Exercise aim: Retype the listing below line for line, but only from the line with "Australian Smashed Avocado: Bread, Toppings, and" down to the line with "アイロンで溶かしながら作ります！", inclusive. Pictures stay out.

Entries provided:
==*==
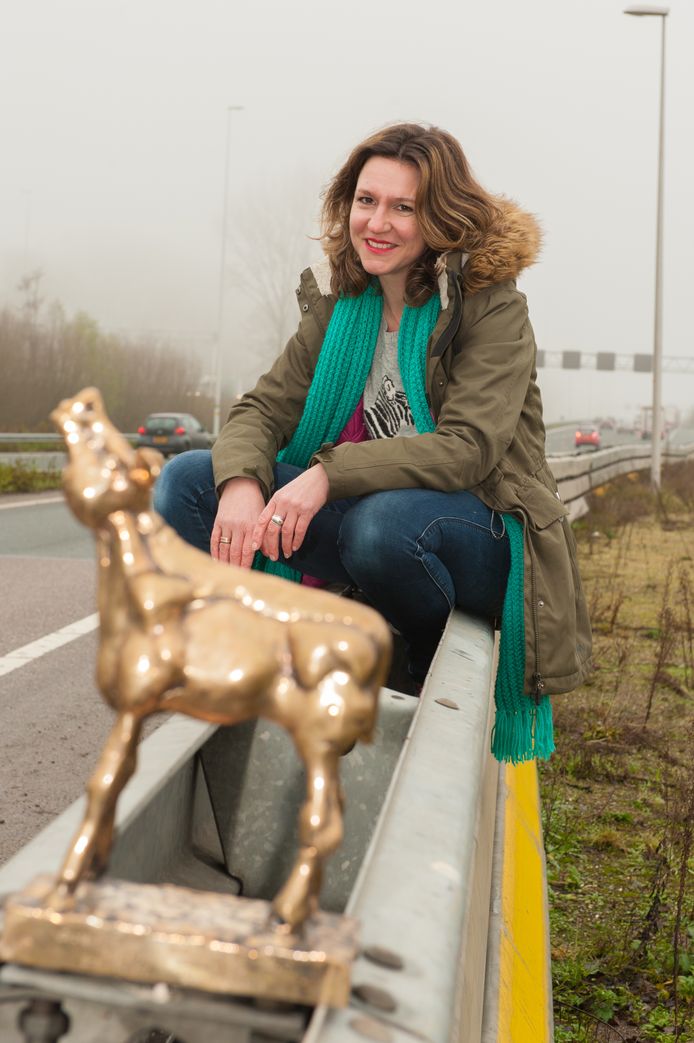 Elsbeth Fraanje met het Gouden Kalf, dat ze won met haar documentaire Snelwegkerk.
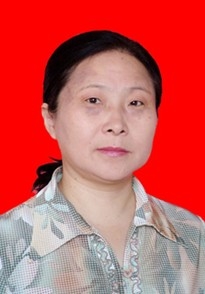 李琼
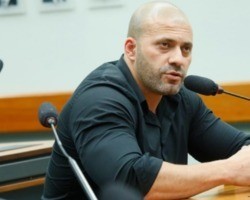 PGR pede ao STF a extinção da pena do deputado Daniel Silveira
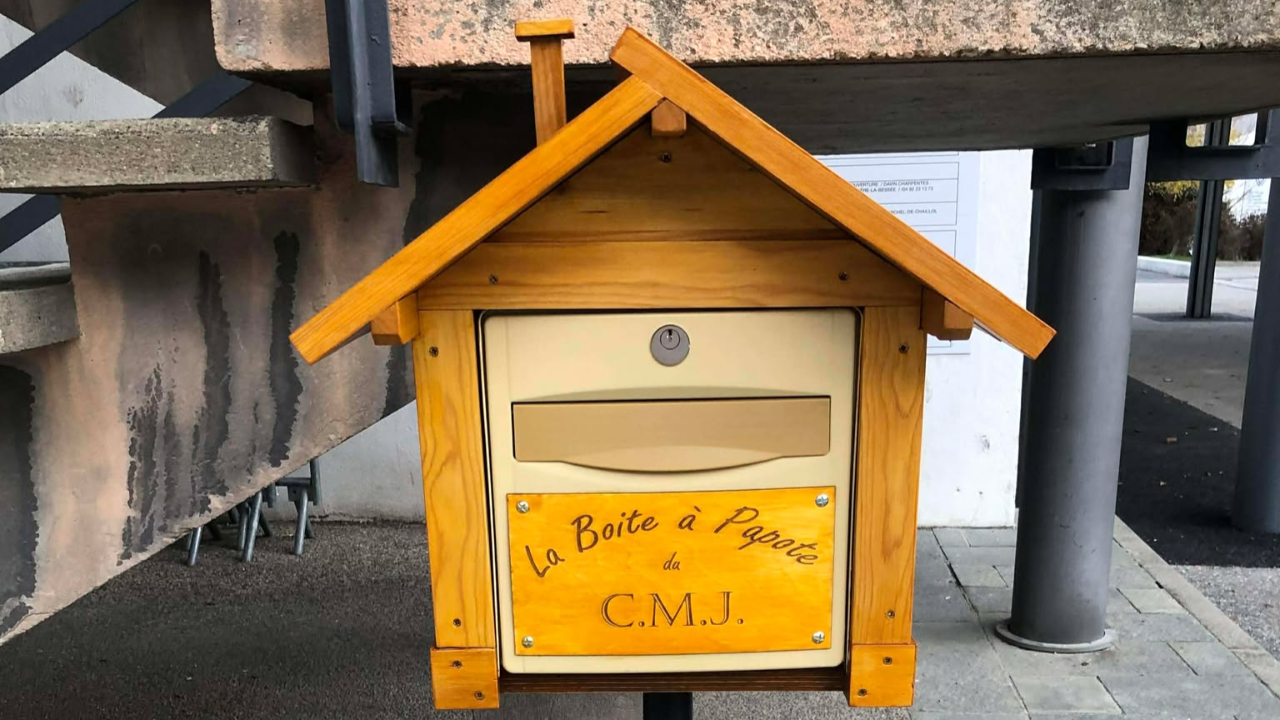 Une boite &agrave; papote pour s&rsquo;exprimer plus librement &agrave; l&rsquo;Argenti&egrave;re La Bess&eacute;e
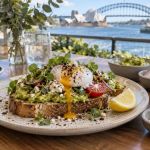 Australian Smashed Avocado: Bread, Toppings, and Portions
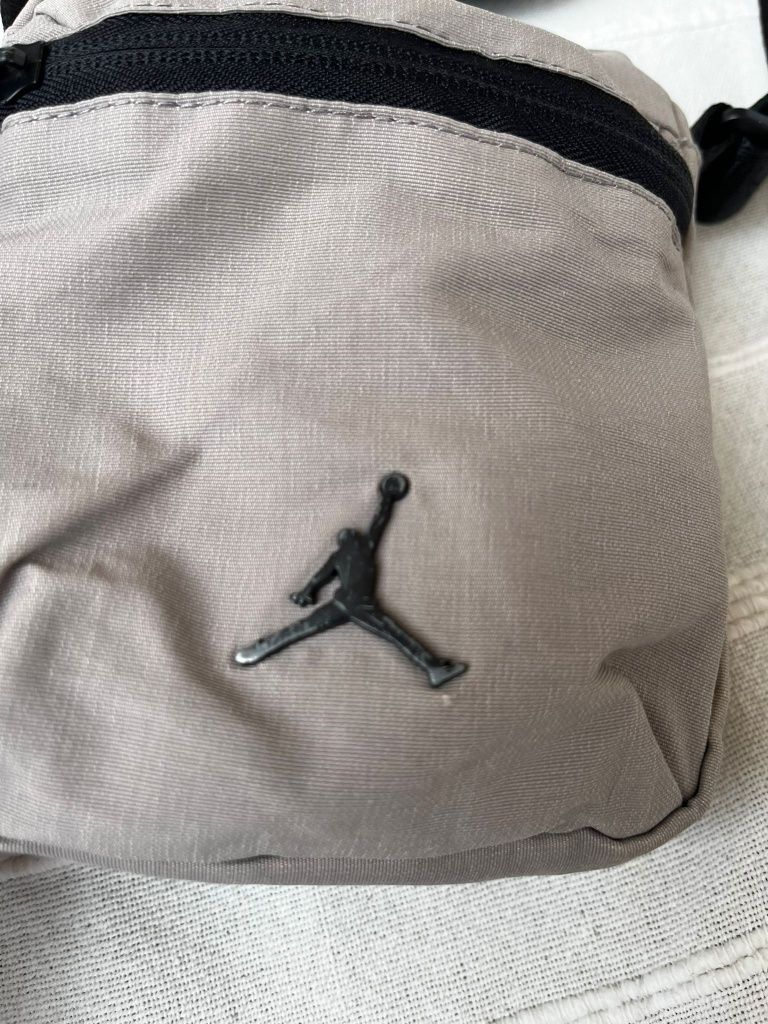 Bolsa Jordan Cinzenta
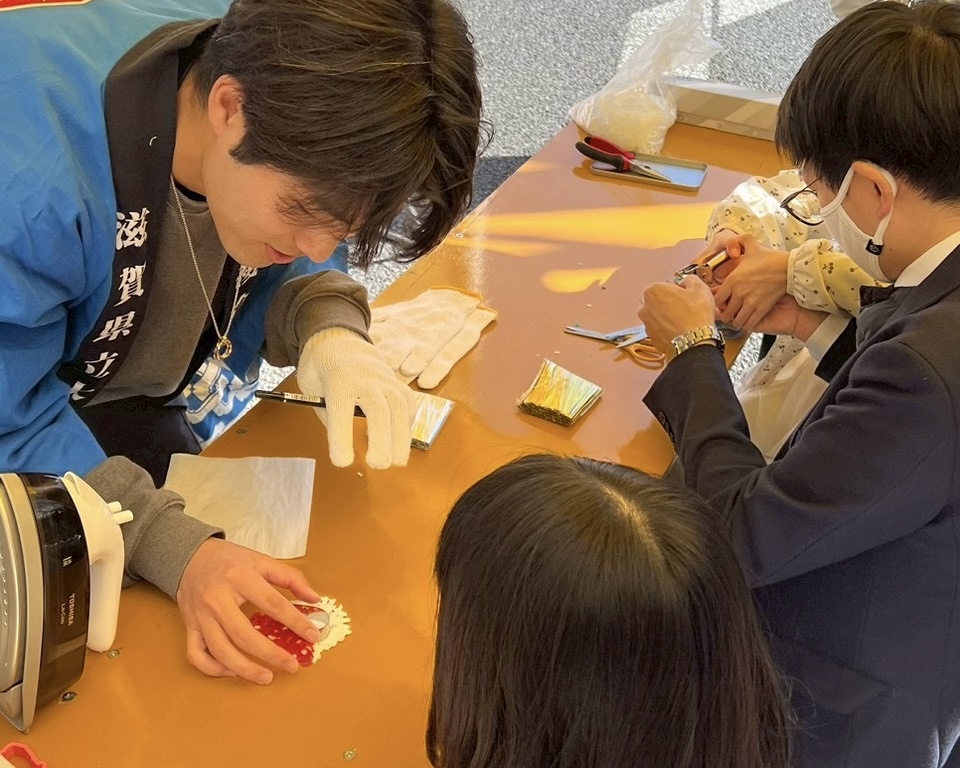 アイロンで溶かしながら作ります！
==*==
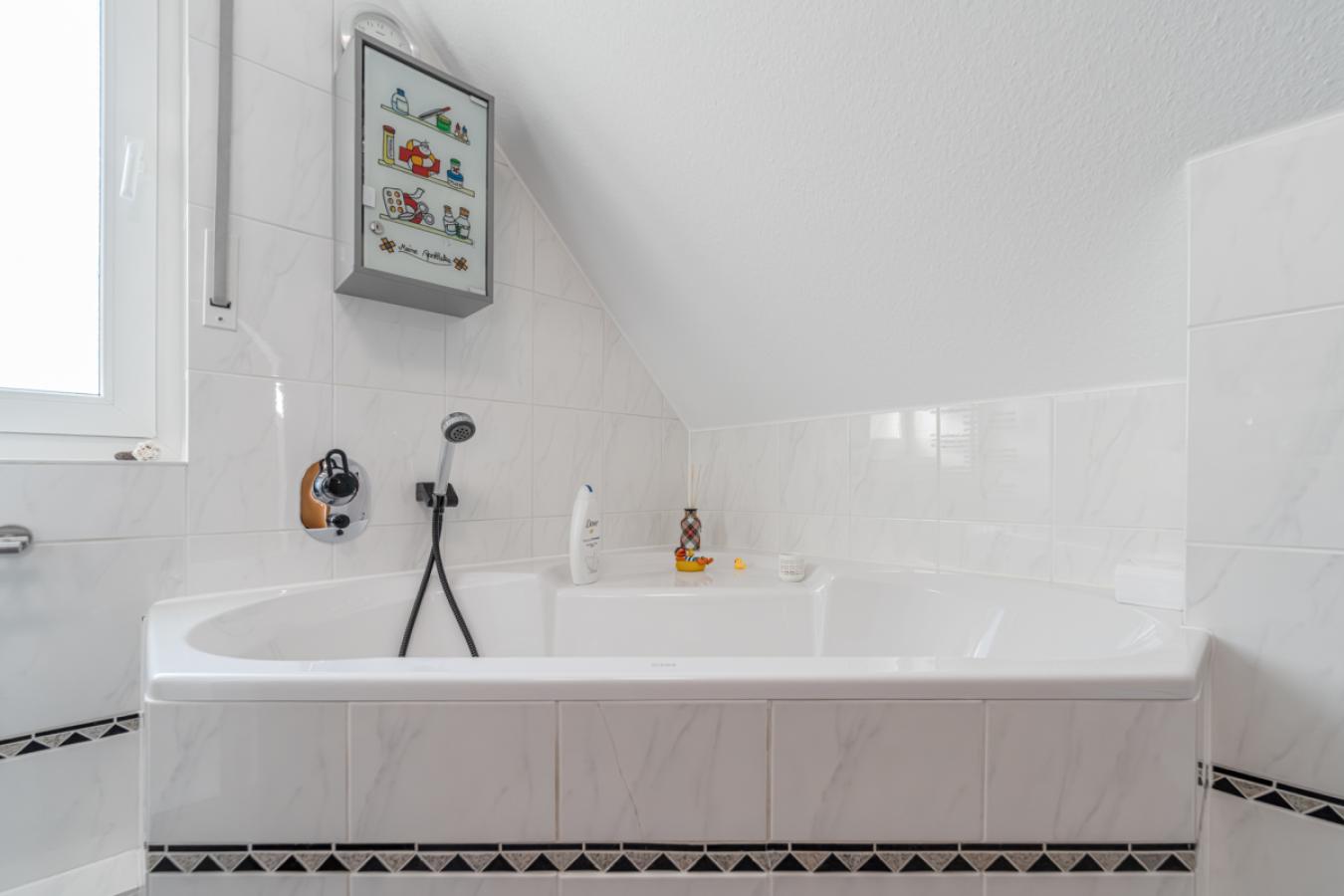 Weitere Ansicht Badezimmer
==*==
Task output:
 Australian Smashed Avocado: Bread, Toppings, and Portions
 Bolsa Jordan Cinzenta
 アイロンで溶かしながら作ります！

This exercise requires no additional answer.